1. Toss the “Cheese”; Use “Fancy” instead.
It has always been a classic thing to say “Cheese” and look at the camera. It wasn’t a word to just get someone to look that way, but saying the word can actually make a sort of smile appear on the person’s face. The problem is, the double “ee”, when said in the exaggerated way most people do for photos, doesn’t quite make for a natural smile. The mouth goes sideways rather than a slight curl up.
The solution? Try a word like “Fancy”. The F sound, usually has people pressing their bottom lip to their top teeth (this part brings out the teeth), then the “Y” often causes the upwards curl. Ending on the “Y” note means yo end with a smile, where “Cheese” has that sound in the middle, so unless they hold it, you loose the smile at the end of the word. Try it out. It usually makes for a more natural smile when a real one isn’t coming out.
2. Tongue to the Top.
This is a new one to me, just found it out while researching this topic. Try pressing your tongue to the top of your mouth, right behind your teeth. Open your lips and push hard and you may notice your smile form a bit. This one requires a bit of instruction, so obviously it isn’t as good for really young ones, but for older kids it may be the trick.

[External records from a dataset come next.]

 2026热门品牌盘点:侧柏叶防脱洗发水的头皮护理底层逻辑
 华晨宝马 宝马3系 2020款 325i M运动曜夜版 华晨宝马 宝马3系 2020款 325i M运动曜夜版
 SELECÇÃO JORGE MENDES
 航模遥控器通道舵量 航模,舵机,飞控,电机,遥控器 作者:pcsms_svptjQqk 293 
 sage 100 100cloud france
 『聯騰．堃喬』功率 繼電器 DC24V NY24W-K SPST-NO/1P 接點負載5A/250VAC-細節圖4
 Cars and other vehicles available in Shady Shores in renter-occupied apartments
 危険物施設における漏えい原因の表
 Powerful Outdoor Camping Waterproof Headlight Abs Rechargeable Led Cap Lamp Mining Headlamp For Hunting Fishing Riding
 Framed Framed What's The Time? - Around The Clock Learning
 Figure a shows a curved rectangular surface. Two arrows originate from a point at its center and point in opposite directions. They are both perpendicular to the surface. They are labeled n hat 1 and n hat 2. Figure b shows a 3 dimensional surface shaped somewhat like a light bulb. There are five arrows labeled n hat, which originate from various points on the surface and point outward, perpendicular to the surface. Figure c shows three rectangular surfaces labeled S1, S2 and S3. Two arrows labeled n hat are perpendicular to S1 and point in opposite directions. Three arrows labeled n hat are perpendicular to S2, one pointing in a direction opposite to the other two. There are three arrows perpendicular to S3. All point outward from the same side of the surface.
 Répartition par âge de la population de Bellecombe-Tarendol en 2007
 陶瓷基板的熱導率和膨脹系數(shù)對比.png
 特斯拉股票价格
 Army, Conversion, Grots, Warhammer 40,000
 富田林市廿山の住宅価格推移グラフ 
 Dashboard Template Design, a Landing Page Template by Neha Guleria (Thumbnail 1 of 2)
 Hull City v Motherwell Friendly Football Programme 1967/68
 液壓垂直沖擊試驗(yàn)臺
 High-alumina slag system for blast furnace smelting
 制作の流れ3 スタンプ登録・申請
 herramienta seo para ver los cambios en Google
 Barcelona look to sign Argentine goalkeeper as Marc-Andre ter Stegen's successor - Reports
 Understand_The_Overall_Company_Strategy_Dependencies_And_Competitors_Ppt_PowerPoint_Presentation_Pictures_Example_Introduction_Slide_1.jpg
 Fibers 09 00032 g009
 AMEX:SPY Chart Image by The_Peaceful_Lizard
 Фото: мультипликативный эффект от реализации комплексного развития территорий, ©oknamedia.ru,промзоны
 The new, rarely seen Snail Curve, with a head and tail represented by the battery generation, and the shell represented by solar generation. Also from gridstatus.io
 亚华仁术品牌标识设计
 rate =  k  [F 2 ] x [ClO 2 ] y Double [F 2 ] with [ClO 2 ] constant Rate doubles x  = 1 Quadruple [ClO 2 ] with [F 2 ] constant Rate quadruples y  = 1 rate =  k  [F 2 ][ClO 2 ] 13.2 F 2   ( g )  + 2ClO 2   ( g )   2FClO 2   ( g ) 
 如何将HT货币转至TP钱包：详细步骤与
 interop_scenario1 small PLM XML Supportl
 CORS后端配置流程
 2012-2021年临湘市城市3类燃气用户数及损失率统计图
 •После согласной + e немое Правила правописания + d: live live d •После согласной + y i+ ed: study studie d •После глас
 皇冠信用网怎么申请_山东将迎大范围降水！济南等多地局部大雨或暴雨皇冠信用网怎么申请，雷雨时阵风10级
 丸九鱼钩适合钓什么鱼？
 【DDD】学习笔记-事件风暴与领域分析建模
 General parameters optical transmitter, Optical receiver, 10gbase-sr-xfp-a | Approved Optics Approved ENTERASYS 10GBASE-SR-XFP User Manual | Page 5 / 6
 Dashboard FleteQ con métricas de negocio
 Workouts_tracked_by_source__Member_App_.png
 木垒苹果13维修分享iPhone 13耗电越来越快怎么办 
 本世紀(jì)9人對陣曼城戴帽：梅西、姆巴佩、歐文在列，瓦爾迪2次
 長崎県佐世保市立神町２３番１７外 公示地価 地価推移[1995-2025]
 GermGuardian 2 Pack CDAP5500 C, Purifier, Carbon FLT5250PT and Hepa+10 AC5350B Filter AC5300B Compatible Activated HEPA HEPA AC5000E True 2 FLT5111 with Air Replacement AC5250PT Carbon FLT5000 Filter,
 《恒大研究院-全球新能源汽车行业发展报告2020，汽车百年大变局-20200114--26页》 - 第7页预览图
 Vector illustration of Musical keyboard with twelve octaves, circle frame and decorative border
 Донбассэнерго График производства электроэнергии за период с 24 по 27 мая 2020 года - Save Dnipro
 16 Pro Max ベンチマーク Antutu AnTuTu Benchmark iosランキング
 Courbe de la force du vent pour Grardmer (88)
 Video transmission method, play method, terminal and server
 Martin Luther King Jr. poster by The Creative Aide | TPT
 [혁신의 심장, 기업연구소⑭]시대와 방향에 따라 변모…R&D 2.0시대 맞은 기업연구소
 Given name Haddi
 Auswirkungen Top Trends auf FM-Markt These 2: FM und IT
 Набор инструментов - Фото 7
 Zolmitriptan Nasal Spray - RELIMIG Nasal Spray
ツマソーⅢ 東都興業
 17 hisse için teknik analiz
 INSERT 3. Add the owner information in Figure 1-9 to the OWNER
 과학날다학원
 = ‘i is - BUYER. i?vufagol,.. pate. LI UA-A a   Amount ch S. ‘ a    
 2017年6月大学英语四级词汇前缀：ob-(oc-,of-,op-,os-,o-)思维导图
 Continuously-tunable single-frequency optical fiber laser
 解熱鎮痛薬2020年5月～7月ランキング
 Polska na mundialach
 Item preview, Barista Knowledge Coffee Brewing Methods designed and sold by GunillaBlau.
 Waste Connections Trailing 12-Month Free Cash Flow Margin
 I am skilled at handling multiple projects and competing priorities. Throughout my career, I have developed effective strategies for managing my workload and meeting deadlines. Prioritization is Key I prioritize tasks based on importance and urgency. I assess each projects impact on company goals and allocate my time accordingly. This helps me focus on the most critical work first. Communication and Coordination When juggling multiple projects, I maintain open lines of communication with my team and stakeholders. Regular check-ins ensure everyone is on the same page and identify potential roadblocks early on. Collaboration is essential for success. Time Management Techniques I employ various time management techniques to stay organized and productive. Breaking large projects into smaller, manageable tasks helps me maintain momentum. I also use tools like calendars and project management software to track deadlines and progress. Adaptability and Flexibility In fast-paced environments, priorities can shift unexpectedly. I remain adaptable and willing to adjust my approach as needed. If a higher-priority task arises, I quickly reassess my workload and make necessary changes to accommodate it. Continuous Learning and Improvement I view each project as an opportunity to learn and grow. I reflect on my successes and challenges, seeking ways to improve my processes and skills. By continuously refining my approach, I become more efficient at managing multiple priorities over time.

3. Talk about something they like.
The best smiles are the ones that come about naturally. If you have the time and are doing a solo portrait, try talking to the subject. Find out what they like and have them tell you all about it. If you can, make them tell you a funny story about whatever they like. You will usually find that while talking about something that makes them happy, especially when they have the chance to explain all about it, the smiles will start to appear. If you are taking pictures of your own kids, you’ll already know what topics to bring up, but with others, it may take a little coaxing to get something out of them.
4. Take the focus off of the camera.
I don’t mean take a blurry shot, but take the child’s focus off of taking a picture. Just have them colour or play with a toy. Something that will distract them. Camera shyness is pretty common and portraits sometimes just won’t work. But candids can be even more personal and beautiful, so pictures of them doing something besides posing may be the answer.
Here are a few bonus tips that kind of tie-in with smiling:
When working with groups, and you are trying to get one person to smile, make sure you tell everyone in the picture to keep looking at you. I don’t know how many family pictures I’ve taken where the child’s parents start looking at their kid to see if they are smiling. Then “Snap”, the kid flashes a great smile and the parent isn’t looking at the camera.
Don’t be afraid to shoot in continuous mode or snap a few at a time. The great thing about digital is you can delete. The worst thing is missing a smile because you were checking the last shot. Just keep clicking while trying these tricks and you’ll have a better chance of capturing that split second smile.
I hope some of these tricks work for you. None are guaranteed. Smiles are great, but not always needed for a great shot. The most important thing of all, and this applies to all Photography, is patience. You won’t always get the perfect shot each time you click. Just keep at it and change things up and it’ll come eventually.